Arrivé en 2017 à Kinshasa, l’ambassadeur d’Italie en République démocratique du Congo, Luca Attanasio, est décrit comme un diplomate empathique. Sa disparition tragique est comme un défi lancé par ses assassins – et ceux de son garde du corps – au nouveau président en exercice de l’Union africaine (UA). En effet, depuis quinze jours, le numéro un congolais voit converger vers lui tous les dossiers brûlants du continent. La chaleur du feu qui couve à l’est de la RDC ne peut que l’atteindre, encore plus fortement que si c’était ailleurs. Ceux qui ont perpétré cet acte odieux ne l’ignorent pas. Ils savent pertinemment que les projecteurs sont braqués depuis le 6 février sur ce pays d’Afrique centrale dont le dirigeant trône pour une période d’une année au sommet de l’organisation panafricaine. Alors poser un acte audacieux ciblant de surcroît un diplomate européen revient pour le groupe armé qui en est l’auteur à défier non seulement le pouvoir central de Kinshasa, mais aussi tout un continent. Et par ricochet, tous les pays membres de l’Union européenne à commencer par l’Italie dont deux de ses citoyens sont parmi les trois victimes de l’assaut survenu lundi près de Goma.

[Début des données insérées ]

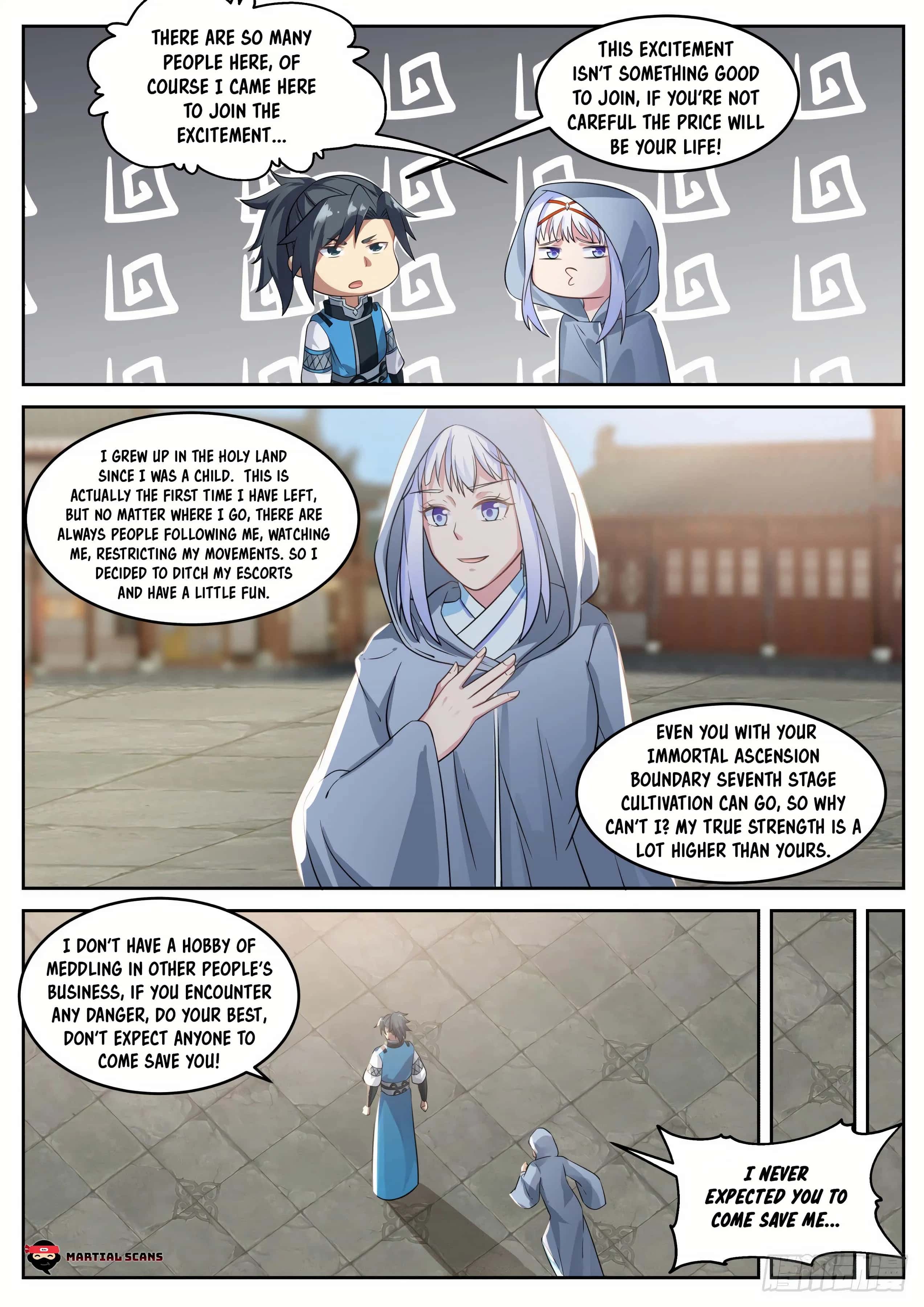 Martial Peak Chapter 700-eng-li - Page 7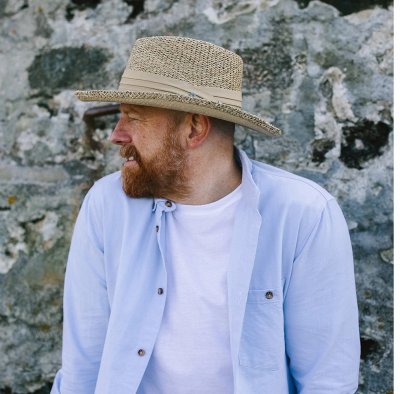 Hatter - Jaxon Pebble Beach Gambler Hat (natur)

Bien évidemment, les réactions ont fusé de partout. De Washington à Rome, en passant par les capitales africaines, les condamnations affluent. La communauté internationale, qui s’était habituée malheureusement à regarder ailleurs quand les victimes étaient seulement congolaises, est aujourd’hui confrontée à la triste réalité que vivent quotidiennement les habitants endeuillés du Nord-Kivu. Il n’est certes pas question de hiérarchiser les morts. Mais il faut mettre à profit ce drame effroyable pour un sursaut : mettre hors d’état de nuire tous les groupes armés et les milices locales qui sèment la mort au quotidien dans cette région et les autres provinces du pays. La communauté internationale doit aider à trouver les voies et moyens d’y parvenir. Le mandat de Félix Tshisekedi à la tête de l’UA doit aussi y contribuer fortement. En effet, ce mandat ne peut que prendre un tour beaucoup plus sécuritaire que ce qui a été initialement prévu. L’urgence de la situation à l’est de la RDC l’exige, si l’on ne veut pas décevoir les attentes des Kivutiens . Là-bas, la guerre n’a que trop duré. Les violences ont trop endeuillé les familles congolaises. Celles-ci sont à bout.
Le chef de l’Etat leur a certes promis le retour à une vie paisible et normale. Mais les circonstances exceptionnelles imposent un agenda quelque peu chamboulé. Avec l’aide de la communauté
internationale, il doit faire de la pacification de l’est de la RDC — où sévissent 122 groupes armés
actifs, selon le Baromètre sécuritaire du Kivu — la priorité de ses priorités.Trêve de tergiversation. Son mandat à la tête de l’UA sera à coup sûr une réussite si la paix revient à l’Est, ou du moins si les massacres des populations paisibles s’estompent. Une éventuelle réélection en 2023 de l’actuel chef de l’Etat – s’il veut briguer un nouveau mandat – serait facilitée si les groupes armés cessaient de contrôler le moindre lopin de terre dans ces contrées orientales au sol ultra fertile et au sous-sol pourvu abondamment en produits miniers rares. On ne peut tenter de développer le Grand Kivu sans y faire régner durablement la paix. Et pour y parvenir, il faut désormais passer aux travaux pratiques. Tout doit être mis en œuvre pour atteindre cet objectif primordial. L’Etat de droit que veut instaurer le président congolais – exerçant désormais pleinement le pouvoir – nécessite au préalable de remettre l’est du pays à l’endroit.